Wird die gelbe Post grün?

■ Post startet Großversuch mit Elektromobilen / Bremen will mitmachen

Post goes öko. Das Unternehmen mit bundesweit 55.000 gelben Stinkeautos will einen großen Teil seiner Fahrzeugflotte ausmustern und durch Elektromobile ersetzen und damit den Schadstoffausstoß um 25% reduzieren. Eine ganz neue, leichte und leistungsfähige Batterie soll den Durchbruch des Elektroantriebs bringen. Ab Januar 1994 startet der „gelbe“ Postdienst in Greven bei Münster einen Großversuch mit 45 Fahrzeugen. Parallel dazu hat sich in Bremen ein Konsortium aus Firmen, Behördenvertretern und Forschern zusammengefunden, die ihrerseits großes Interesse haben, an dem Postversuch mit einigen Fahrzeugen teilzunehmen.

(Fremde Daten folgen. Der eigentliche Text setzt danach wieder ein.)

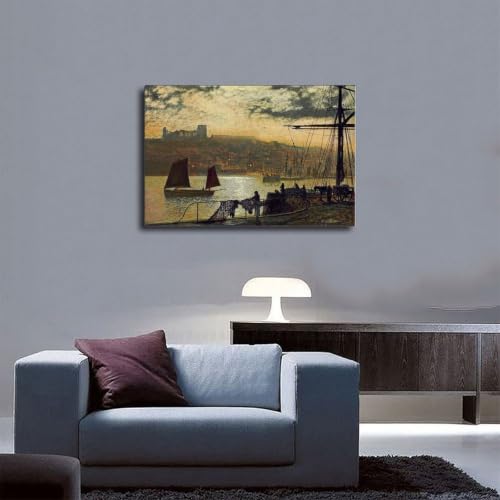 Impression sur toile Whitby Abbey Grimshaw finition premium - 5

Die „Zink-Batterie“ ist eine altbekannte Möglichkeit, Energie zu speichern. Für den Einsatz in Elektromobilen wurde diese Akkuart bislang als untauglich angesehen, weil sie zu wenig Energie speichern kann. Die israelische Firma EFL (Electric Fuel Limited) hat nun ein Verfahren entwickelt, die Energiedichte in einer Zinkbatterie ganz erheblich zu steigern - bis zum zehnfachen der herkömmlichen Bleiakkus. Die Post hat den neuen Batterietypus vom TÜV Bayern ausführlich testen lassen, und die Ergebnisse waren „sensationell“: Der EFL-Akku ist leichter als herkömmliche Batterien, entläd sich nicht selbst und besitzt eine praktisch unbegrenzte Lebensdauer. Mit einer Batterieladung fährt ein PKW über 300 Kilometer weit - das entspricht dem Wochenpensum der meisten Postfahrzeuge. Einziger Nachteil: Der Akku kann nicht an der Steckdose wiederaufgeladen werden, sondern muß im Ganzen ausgewechselt und recycelt bzw. regeneriert werden.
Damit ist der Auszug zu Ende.